[[ Extracted material open ]]
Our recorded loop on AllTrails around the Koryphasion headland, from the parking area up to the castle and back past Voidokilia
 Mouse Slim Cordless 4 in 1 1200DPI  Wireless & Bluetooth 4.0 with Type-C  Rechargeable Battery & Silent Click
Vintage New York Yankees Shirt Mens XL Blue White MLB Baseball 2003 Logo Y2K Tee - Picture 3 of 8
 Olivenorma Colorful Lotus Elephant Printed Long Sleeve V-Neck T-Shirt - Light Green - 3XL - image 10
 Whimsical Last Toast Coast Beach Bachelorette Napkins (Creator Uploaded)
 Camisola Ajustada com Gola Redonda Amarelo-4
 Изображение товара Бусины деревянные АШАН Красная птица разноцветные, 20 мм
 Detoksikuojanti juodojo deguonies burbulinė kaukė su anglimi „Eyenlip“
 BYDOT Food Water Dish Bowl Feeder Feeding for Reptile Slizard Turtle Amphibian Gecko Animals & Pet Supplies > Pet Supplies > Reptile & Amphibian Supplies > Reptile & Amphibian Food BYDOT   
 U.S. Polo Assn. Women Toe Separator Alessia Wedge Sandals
[[ Extracted material closed ]]
**Aim of the exercise**
Give only the lines from the one holding "Mouse Slim Cordless" through the one holding "Detoksikuojanti juodojo deguonies", each restated exactly as it appears above.

**Task solution**
 Mouse Slim Cordless 4 in 1 1200DPI  Wireless & Bluetooth 4.0 with Type-C  Rechargeable Battery & Silent Click
Vintage New York Yankees Shirt Mens XL Blue White MLB Baseball 2003 Logo Y2K Tee - Picture 3 of 8
 Olivenorma Colorful Lotus Elephant Printed Long Sleeve V-Neck T-Shirt - Light Green - 3XL - image 10
 Whimsical Last Toast Coast Beach Bachelorette Napkins (Creator Uploaded)
 Camisola Ajustada com Gola Redonda Amarelo-4
 Изображение товара Бусины деревянные АШАН Красная птица разноцветные, 20 мм
 Detoksikuojanti juodojo deguonies burbulinė kaukė su anglimi „Eyenlip“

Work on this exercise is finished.